THE DATA:
==============================

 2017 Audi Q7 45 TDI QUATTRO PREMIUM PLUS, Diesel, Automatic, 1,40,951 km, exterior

==============================

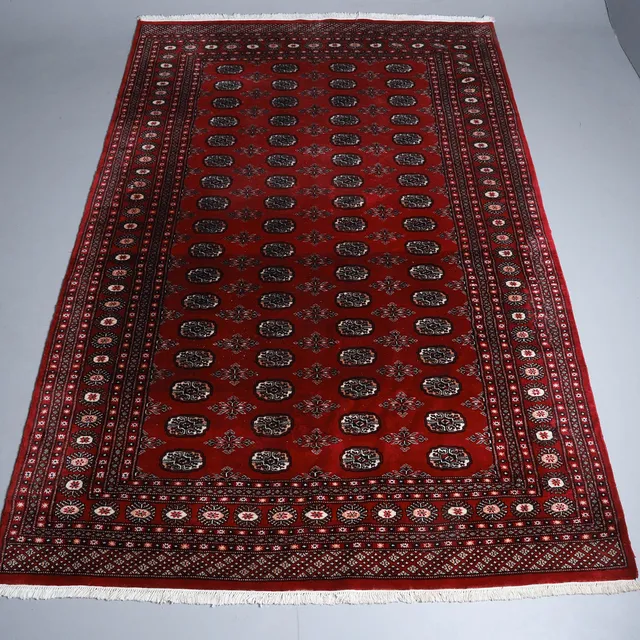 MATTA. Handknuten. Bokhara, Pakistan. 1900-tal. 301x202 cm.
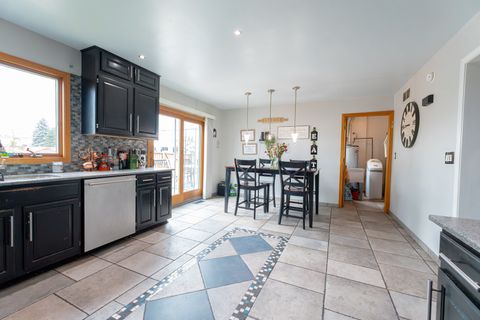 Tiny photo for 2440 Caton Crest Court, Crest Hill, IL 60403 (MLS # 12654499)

==============================

ACTION ITEM: Reproduce, word for word, only the lines in the records above from the line with "MATTA. Handknuten. Bokhara, Pakistan." through the line with "Tiny photo for", including both ends; omit the pictures.

EXPECTED OUTPUT:
 MATTA. Handknuten. Bokhara, Pakistan. 1900-tal. 301x202 cm.
 Tiny photo for 2440 Caton Crest Court, Crest Hill, IL 60403 (MLS # 12654499)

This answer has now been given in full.